Margaret stood before the bathroom mirror, swallowing her morning vitamin with a glass of lukewarm tap water. The ritual had become automatic since the diagnosis—calcium, vitamin D, something about bone density, the doctor had said. At forty-seven, she'd thought she had more time before her body started its quiet betrayal.

In the bedroom, David was already dressing, his movements practiced and silent. Their marriage had become a pyramid of unspoken things: years stacked upon years, each layer heavier than the last, supporting nothing but the weight of their shared inertia. They slept in the same bed, ate at the same table, and yet somehow lived in different countries.

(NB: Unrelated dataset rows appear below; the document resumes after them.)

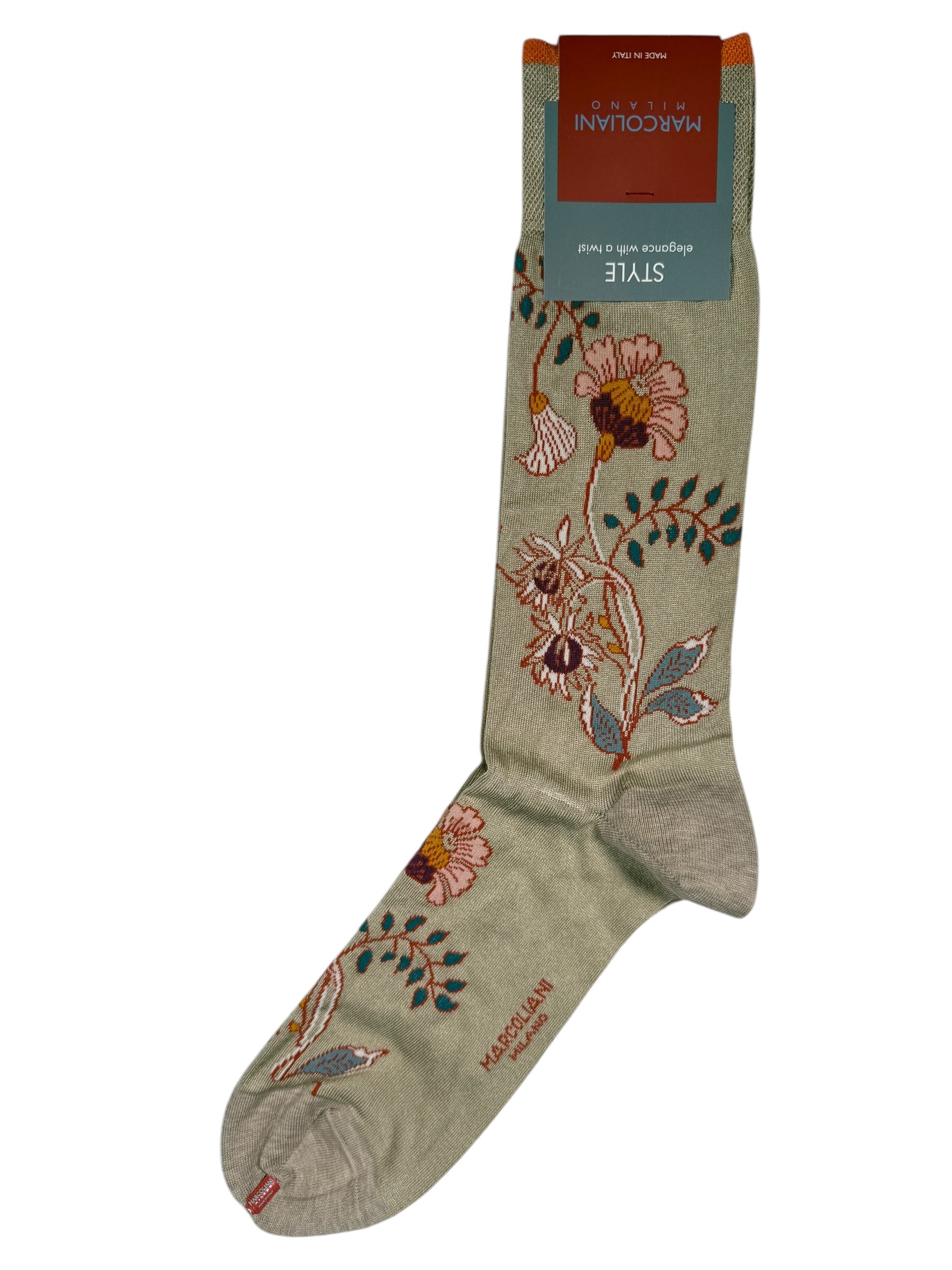 MARCOLIANI FRESH OF MODAL MISORE FLOWER CALF SOCK - BEIGE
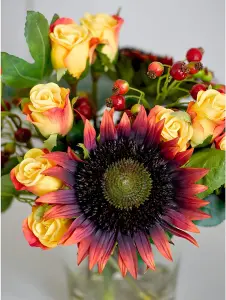 Bloom Artificial Sunflower And Rose Flower Arrangement in Vase - Faux Fake Floral Centrepiece Home Decoration - H32 x W36cm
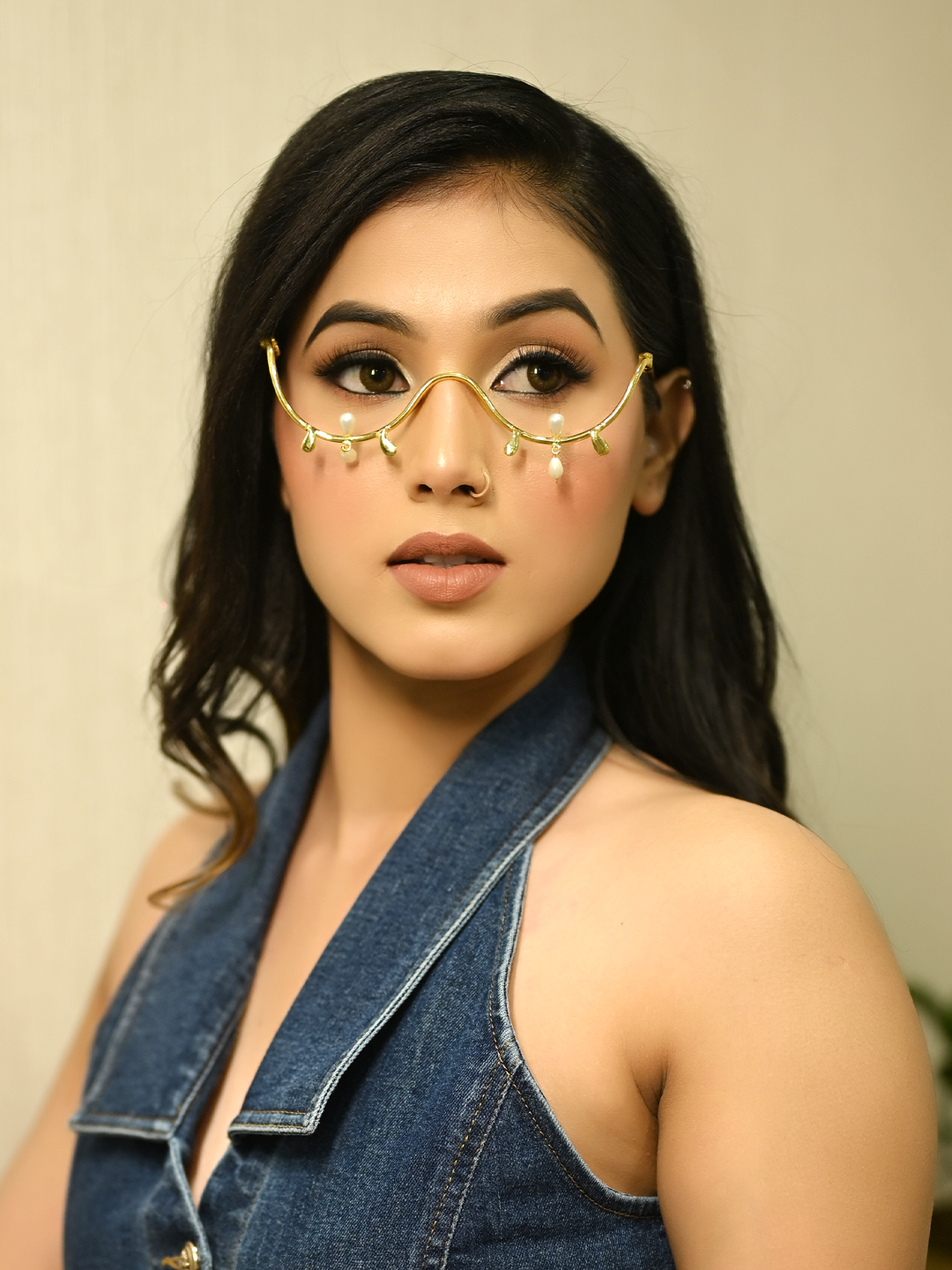 Brielle Handmade Metal Goggle Frame - Gold-Plated Brass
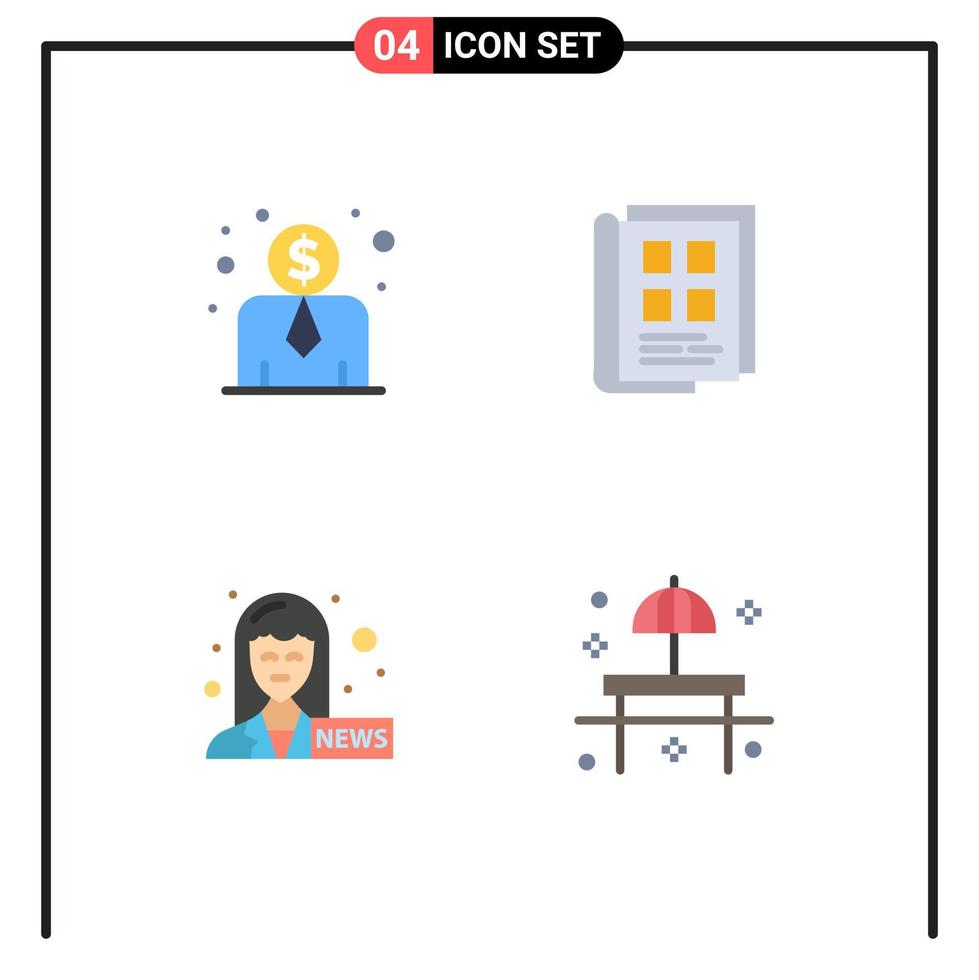 conjunto de 4 paquetes de iconos planos comerciales para empleados costo noticias ancla noticias papel libro de teléfono parque elementos de diseño vectorial editables vector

"You're staring," she said, leaning against the doorframe.

He didn't turn. "I'm thinking."

"About?"

"Egypt." He buttoned his shirt with mechanical precision. "I was reading about the Sphinx last night. How it lost its nose. Some say Napoleon's soldiers shot it off target practice. Others say it was time itself."

She wondered if he was speaking metaphorically. That was the problem with David—you could never tell if he was talking about history or them.

"Are you trying to tell me something?"

"I'm wondering what gets left behind." He finally looked at her, his expression unreadable. "What we can afford to lose."

Her hand went to her pocket, where the ultrasound photo waited like an accusation. The baby wasn't the problem. The baby was the solution—or would have been, twenty years ago. Now it was just evidence of their spectacular timing, proof that they'd built their monument upside down.

"I saw the doctor yesterday," she said.

He nodded, waiting.

"I'm not sick. I'm pregnant."

The silence expanded between them, vast and ancient as sand. Outside their window, the city hummed its indifferent song. In the desert of their living room, something stirred—a possibility, a threat, perhaps the beginning of an answer to a riddle neither had known they were asking.